Saturday's concert, as well as a gig he will play Friday night at Milwaukee's Jazz Estate (http://www.jazzestate.com) are rare opportunities for folks in southeastern Wisconsin to hear the younger Pulice play. The drummer said he is especially pleased that his parents will be in the audience, adding that his father has been a huge influence on his musical career.

"My dad is a great teacher and a great drummer and I'm excited that he will be there," he said in a recent phone interview. "Everything I play are things he taught me."

The younger Pulice's main purpose in coming back to Wisconsin this time, though, is to work with young jazz musicians at the workshop, which is run by another Racine musician, saxophonist Curt Hanrahan.

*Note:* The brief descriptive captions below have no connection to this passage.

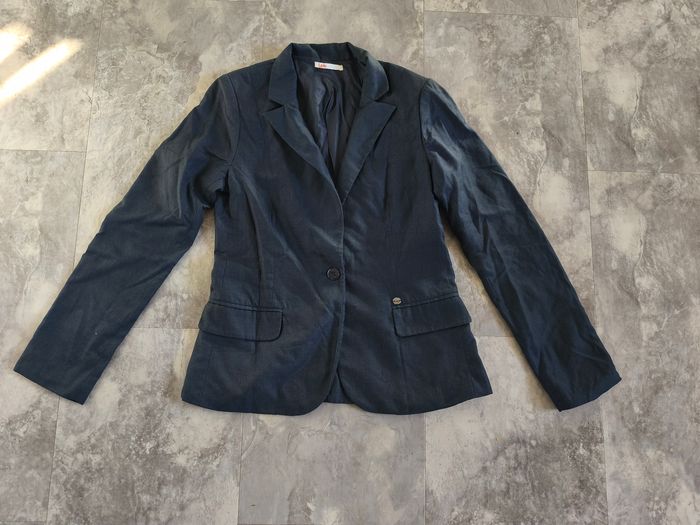 Veste de tailleur bleu marine les petites bombes taille 36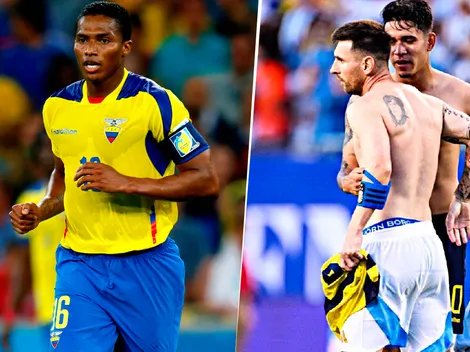 Las contundentes declaraciones de Antonio Valencia por la camiseta de Messi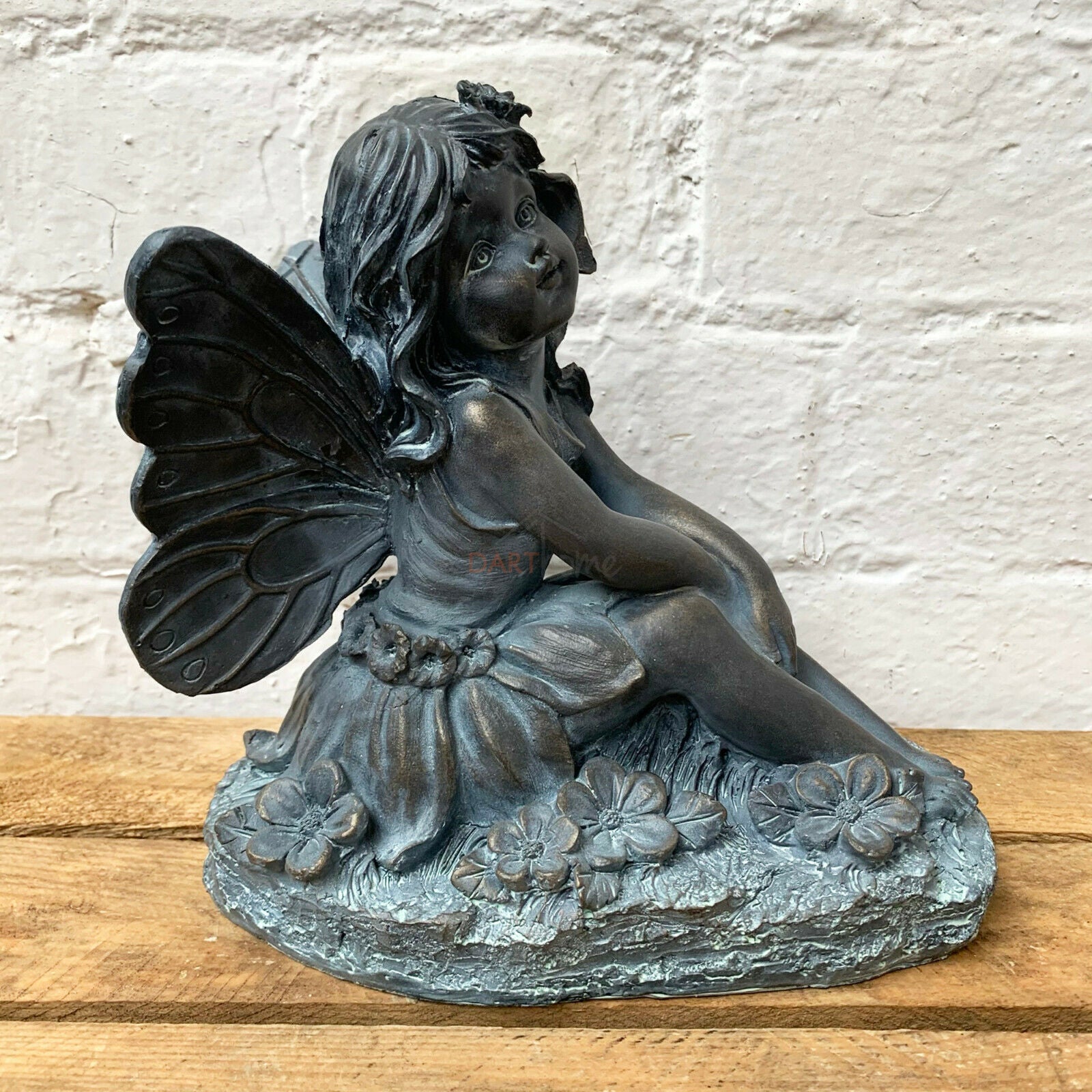 Bronze Resin Flower Fairy Ornament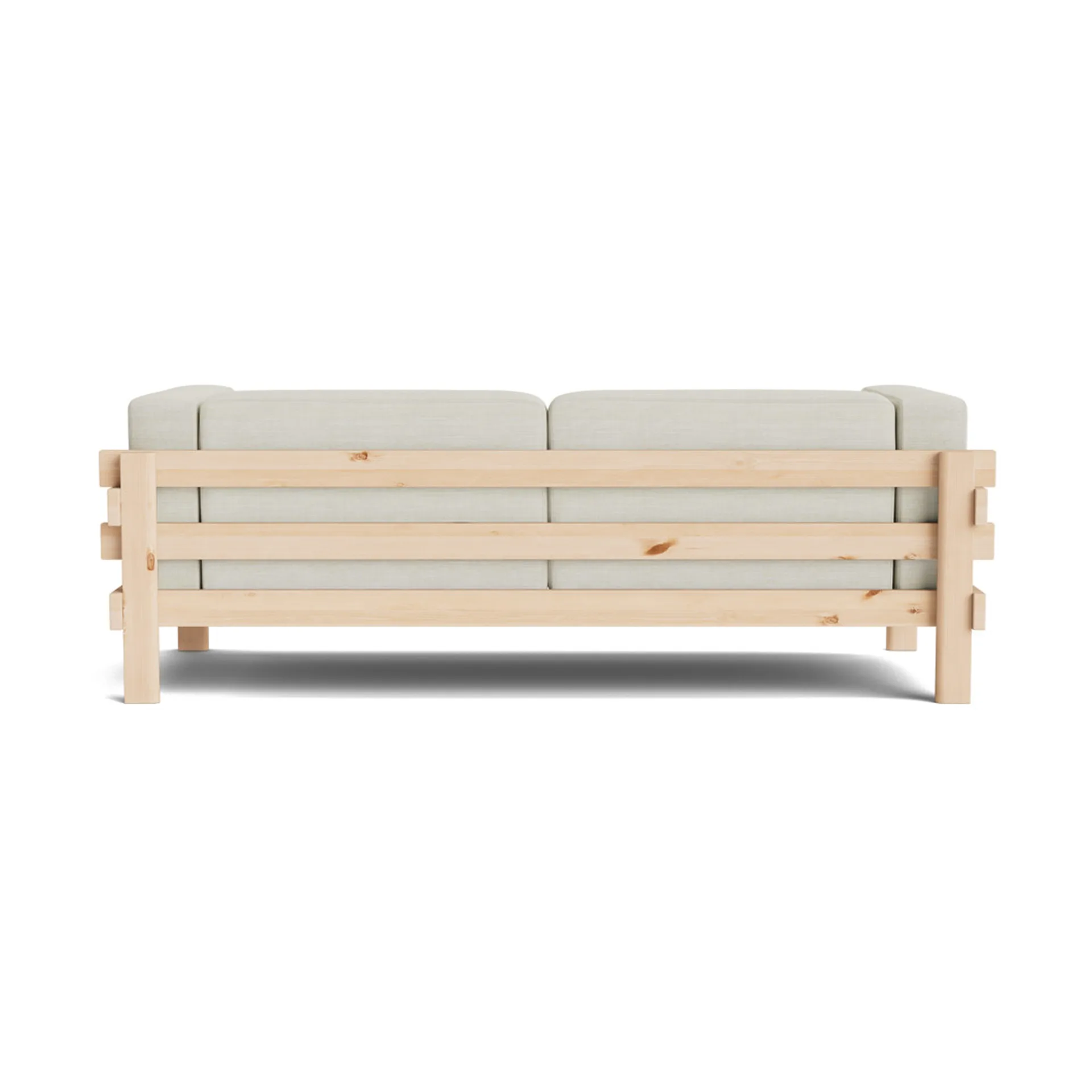 Kube sofa, Lacquered pine-fabric Remix 223 Beige, 220 cm Normann Copenhagen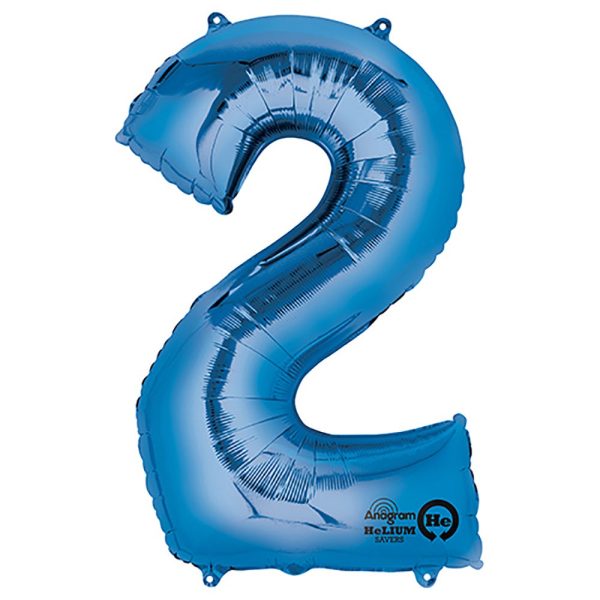 34 inch NUMBER 2 - ANAGRAM - BLUE For Sale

Hanrahan, who in addition to teaching at Racine's Lakeshore Conservatory of Music is the director of Jazz Studies at UWM, created the Woody Herman Educational Jazz Workshop several years ago in an effort to bring back what he says was Herman's generosity in sharing his skills and knowledge with aspiring jazz musicians. In addition to spending 50 years on the road as a band leader, the clarinetist established educational and scholarship opportunities for budding jazz musicians which he participated in for many years, Hanrahan said.

"He was almost like a school unto himself," he said. "A lot of people don't know about that aspect of Woody."